BATAM – Sebuah video yang diduga merekam transaksi narkotika di salah satu tempat hiburan malam di Kota Batam viral di media sosial dan memicu perhatian publik, Selasa (23/6/2026].
Dalam unggahan yang beredar luas, lokasi kejadian disebut-sebut berada di HH Club atau yang dikenal sebagai Planet 3.0 Pub & KTV.
Video berdurasi singkat tersebut memperlihatkan seorang pria yang diduga merupakan staf atau karyawan tempat hiburan malam sedang berinteraksi dengan pengunjung di dalam ruangan karaoke.

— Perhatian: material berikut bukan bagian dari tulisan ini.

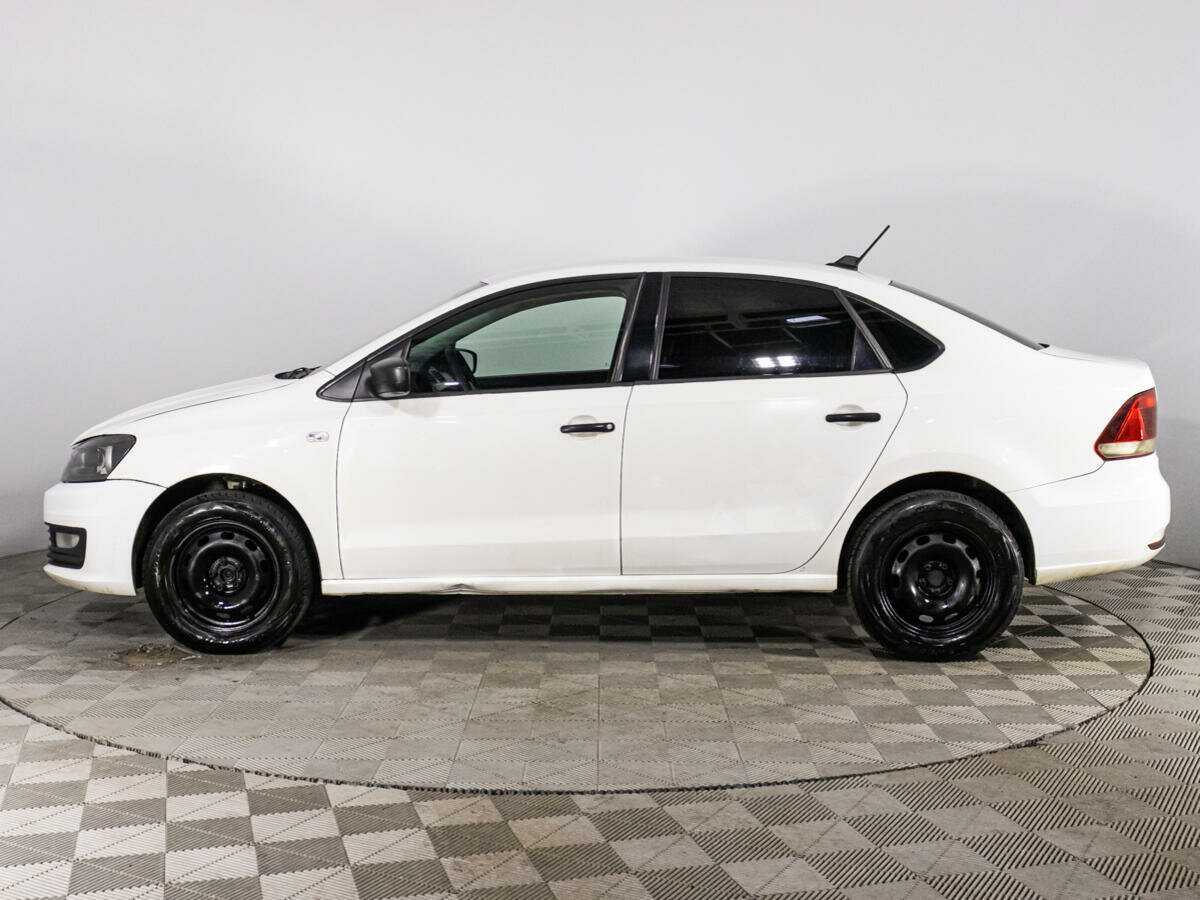 Купить Volkswagen Polo с пробегом. Фото: #4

Pria itu tampak mengenakan pakaian yang menyerupai seragam kerja, lengkap dengan kemeja putih, dasi, celana hitam, serta alat komunikasi yang terpasang di pinggangnya.
Dalam rekaman yang beredar, pria tersebut terlihat menerima sejumlah uang tunai dari seorang pengunjung. Sesaat kemudian, ia diduga menyerahkan sebuah benda kecil kepada pengunjung tersebut. Narasi yang menyertai video menyebutkan bahwa benda tersebut merupakan pil ekstasi atau inex.
Unggahan tersebut langsung menuai beragam reaksi dari masyarakat. Sejumlah warganet meminta aparat penegak hukum, khususnya Polda Kepulauan Riau dan Badan Narkotika Nasional Provinsi (BNNP) Kepri, untuk segera melakukan penyelidikan guna memastikan kebenaran isi video yang beredar.
Salah satu narasi yang ramai dibagikan di media sosial bahkan secara terbuka meminta aparat melakukan pengecekan terhadap lokasi yang disebut dalam video.
Hingga berita ini diturunkan, belum ada keterangan resmi dari pihak manajemen HH Club maupun Planet 3.0 Pub & KTV terkait video yang beredar tersebut.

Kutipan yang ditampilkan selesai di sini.